Nigeria spends $10 billion annually on imported food, including wheat, rice, sugar, fish, and tomato paste, according to the Sasakawa Africa Association (SAA). Dr Godwin Atser, Nigeria Country Director of SAA, disclosed this at the organisation's 2026 Annual Stakeholders Workshop and 40th anniversary celebration on Thursday in Abuja. The revelation comes despite ongoing government initiatives aimed at overhauling the agricultural sector and boosting local production. Atser highlighted that the massive importation reflects persistent gaps in domestic food production and supply chain efficiency. He noted that Nigeria continues to rely heavily on foreign markets for staple foods, even as arable land and agricultural potential remain underutilized. The SAA has long partnered with governments and development agencies to promote agricultural transformation across Africa. Atser reiterated the need for sustained investment in smallholder farming, improved seed systems, and better access to credit and markets.

💡 NaijaBuzz Take

Dr Godwin Atser's disclosure that Nigeria spends $10 billion yearly on food imports lays bare the failure to convert agricultural policy into productive reality. This figure stands in sharp contrast to the government's repeated claims of progress in food security and self-sufficiency. The persistence of such high import bills points not to lack of effort, but to the misalignment between policy announcements and on-the-ground outcomes.

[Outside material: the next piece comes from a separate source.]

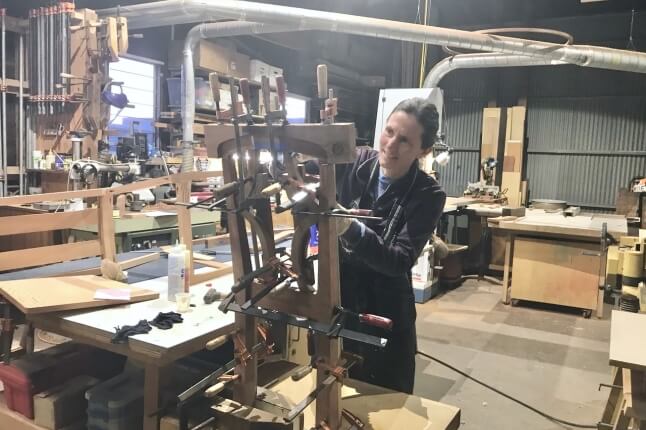 Taimi Barty, A.B. '94, working on a piece of wooden furniture in her studio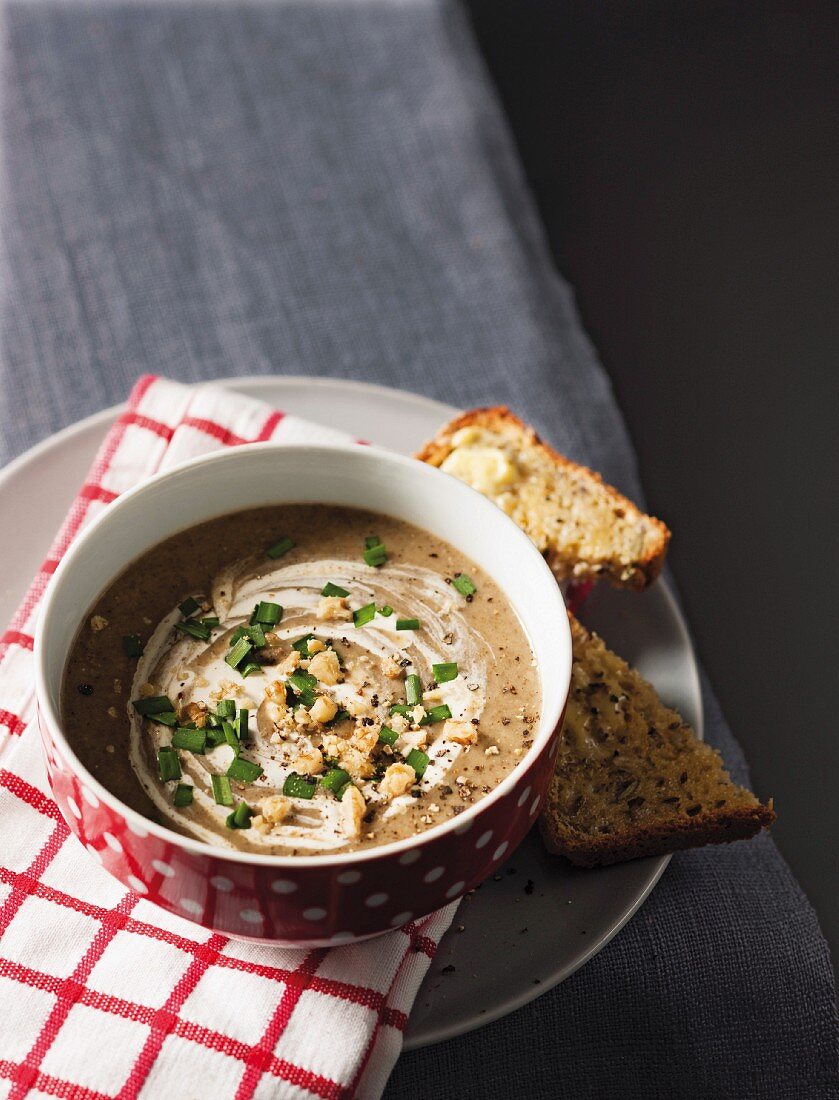 Cream of mushroom consommé soup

The country's dependence on imported rice, wheat, and tomato paste reveals structural weaknesses in key value chains. For instance, local rice farmers still struggle with access to mechanization and storage, while domestic tomato production collapses during rainy seasons due to spoilage. The SAA's presence as a long-term development partner underscores that technical solutions exist, yet implementation remains fragmented and underfunded. Political prioritization of ribbon-cutting over systemic reform has turned agriculture into a cycle of promises.

Ordinary Nigerians bear the brunt through high food prices and economic vulnerability. Urban households, especially low-income families, spend over 60% of their income on food, making them sensitive to global price shocks. When imports dominate staples, local producers are undercut, and rural jobs remain scarce.

This is not an isolated shortfall but part of a decades-long pattern where agriculture budgets are poorly executed and import dependency is quietly accepted as normal.